This tutorial is composed of videos, graphics and text compiled from various sources. The overall design and many of the videos were created by The University of Wisconsin and are being used with permission. The layout and design of other library sites may vary slightly from UNO Library but the concepts are the same.
Information Literacy Tutorial by Board of Regents of the University of Wisconsin System is licensed under a Creative Commons Attribution-NonCommercial 3.0 Unported License. Based on a work at guides.library.uwm.edu
Where do I search?
On the Library's site use the LIBRARY CATALOG to search for items owned at your library, such as:
Magazines, Journals and Newspapers
DVDs and VHS tapes
E-Books & E-Journals
Use the ONESEARCH to search the Library Catalog and many databases. You can find:
Chapters from books
Abstracts, speeches, bibliographies and more!
Use a SPECIALIZED DATABASE to find in-depth, scholarly and Peer-reviewed articles in your field of study. Some examples are:
MLA Bibliography (Literature)
Biological Abstracts (Biology)
What does it mean to write with sources?
Selecting relevant sources is more than finding the type of source that is required and it is more than finding a source that contains your keywords. As the researcher you will want to select sources that enable you to engage a question or a problem.

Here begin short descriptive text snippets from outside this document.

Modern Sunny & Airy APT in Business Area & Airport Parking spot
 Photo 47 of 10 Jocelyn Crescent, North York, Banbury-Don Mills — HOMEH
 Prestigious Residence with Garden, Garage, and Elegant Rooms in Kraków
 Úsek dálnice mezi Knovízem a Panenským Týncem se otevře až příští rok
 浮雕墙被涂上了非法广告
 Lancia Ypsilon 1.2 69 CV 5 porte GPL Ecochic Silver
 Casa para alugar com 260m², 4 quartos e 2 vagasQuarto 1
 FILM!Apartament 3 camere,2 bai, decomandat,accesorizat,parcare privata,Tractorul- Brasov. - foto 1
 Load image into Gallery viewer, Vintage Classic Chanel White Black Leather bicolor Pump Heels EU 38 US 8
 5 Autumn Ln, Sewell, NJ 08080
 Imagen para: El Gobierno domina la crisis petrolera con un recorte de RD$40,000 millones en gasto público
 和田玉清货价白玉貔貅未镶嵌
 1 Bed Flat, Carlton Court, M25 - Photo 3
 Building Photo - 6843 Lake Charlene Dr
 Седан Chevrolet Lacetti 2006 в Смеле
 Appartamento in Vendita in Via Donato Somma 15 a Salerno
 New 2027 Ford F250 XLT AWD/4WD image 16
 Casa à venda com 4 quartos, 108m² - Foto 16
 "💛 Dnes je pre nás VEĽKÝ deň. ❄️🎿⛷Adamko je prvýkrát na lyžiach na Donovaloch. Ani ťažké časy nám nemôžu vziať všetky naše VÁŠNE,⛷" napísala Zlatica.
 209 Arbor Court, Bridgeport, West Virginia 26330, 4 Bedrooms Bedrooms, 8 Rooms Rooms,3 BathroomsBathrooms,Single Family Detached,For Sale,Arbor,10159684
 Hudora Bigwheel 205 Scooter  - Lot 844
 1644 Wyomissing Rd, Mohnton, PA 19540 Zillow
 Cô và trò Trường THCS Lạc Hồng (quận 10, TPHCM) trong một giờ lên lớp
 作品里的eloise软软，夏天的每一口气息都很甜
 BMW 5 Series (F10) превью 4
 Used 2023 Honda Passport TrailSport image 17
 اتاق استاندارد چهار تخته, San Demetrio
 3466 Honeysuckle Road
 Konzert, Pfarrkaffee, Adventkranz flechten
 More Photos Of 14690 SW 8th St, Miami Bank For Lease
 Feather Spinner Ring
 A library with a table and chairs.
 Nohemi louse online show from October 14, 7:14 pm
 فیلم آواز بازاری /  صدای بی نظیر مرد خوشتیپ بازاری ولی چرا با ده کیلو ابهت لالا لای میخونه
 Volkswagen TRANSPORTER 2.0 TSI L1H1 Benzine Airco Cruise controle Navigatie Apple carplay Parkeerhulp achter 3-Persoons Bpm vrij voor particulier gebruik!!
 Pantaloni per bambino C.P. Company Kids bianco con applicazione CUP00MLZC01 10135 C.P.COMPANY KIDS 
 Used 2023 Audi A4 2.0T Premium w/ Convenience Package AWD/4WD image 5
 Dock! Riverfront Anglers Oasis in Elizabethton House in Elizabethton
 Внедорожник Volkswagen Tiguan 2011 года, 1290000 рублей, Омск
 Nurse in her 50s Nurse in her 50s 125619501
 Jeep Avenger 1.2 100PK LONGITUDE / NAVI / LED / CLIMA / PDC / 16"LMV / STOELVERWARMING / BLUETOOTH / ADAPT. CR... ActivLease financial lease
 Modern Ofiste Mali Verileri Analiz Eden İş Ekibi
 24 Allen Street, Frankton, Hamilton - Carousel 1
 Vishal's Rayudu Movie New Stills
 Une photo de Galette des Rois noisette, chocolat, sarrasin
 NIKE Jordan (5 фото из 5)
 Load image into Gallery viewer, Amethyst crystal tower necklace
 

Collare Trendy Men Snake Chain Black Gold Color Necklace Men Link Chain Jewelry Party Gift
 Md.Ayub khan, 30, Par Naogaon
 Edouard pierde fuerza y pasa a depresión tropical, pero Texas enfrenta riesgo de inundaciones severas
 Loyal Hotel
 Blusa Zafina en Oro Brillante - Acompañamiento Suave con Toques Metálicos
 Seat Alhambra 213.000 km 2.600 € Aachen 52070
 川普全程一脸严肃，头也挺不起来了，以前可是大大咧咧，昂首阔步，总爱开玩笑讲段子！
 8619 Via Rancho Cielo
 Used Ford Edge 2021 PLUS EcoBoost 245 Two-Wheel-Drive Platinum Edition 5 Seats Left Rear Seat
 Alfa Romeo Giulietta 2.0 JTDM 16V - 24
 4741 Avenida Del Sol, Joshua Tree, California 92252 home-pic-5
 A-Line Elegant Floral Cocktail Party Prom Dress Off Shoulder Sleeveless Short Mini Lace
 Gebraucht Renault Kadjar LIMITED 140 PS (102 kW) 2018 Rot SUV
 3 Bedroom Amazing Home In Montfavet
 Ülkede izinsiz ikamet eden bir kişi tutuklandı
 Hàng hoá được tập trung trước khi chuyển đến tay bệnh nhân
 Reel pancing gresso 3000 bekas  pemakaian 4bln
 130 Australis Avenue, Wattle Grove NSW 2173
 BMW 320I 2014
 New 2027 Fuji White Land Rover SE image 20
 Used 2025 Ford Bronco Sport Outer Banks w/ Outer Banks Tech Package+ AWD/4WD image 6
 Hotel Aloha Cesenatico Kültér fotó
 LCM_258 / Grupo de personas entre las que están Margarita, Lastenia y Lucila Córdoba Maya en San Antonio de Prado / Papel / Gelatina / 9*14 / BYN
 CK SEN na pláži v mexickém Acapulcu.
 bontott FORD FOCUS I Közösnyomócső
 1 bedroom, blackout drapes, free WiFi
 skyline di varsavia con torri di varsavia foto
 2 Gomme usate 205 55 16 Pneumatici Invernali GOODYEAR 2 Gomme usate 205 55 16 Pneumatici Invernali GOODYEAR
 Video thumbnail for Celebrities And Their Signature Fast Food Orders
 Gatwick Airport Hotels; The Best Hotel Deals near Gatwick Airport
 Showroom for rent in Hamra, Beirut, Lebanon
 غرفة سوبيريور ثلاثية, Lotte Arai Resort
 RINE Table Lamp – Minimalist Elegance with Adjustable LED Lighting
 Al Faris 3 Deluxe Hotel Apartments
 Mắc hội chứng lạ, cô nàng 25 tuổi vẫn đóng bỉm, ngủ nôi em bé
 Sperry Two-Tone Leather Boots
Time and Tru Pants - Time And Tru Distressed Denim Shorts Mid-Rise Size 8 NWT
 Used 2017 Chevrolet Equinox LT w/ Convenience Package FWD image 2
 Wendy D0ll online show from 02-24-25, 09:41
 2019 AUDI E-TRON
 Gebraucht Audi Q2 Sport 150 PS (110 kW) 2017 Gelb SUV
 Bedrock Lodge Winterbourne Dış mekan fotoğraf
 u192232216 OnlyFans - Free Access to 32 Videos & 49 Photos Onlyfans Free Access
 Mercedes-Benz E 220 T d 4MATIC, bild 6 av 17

A list of required sources will help you envision what a good bibliography will do: show your reader the depth and breadth of your research. Gathering all of the required sources for an assignment does not substitute for engaging with sources in your writing. A well researched paper will converse with the ideas and information presented in sources.
Framing Your Research
Scholarly writers engage with the work of others through the strategic selection of research and ideas pertinent to the question or problem under discussion. When trying to decide if a source is pertinent to your question, it can be helpful to ask yourself: What could a writer do with this source? Could this source provide background facts or information? Could I analyze or interpret this source for my reader? Could this source refine my question or extend my thesis? Could this source be a lens for interpreting competing findings?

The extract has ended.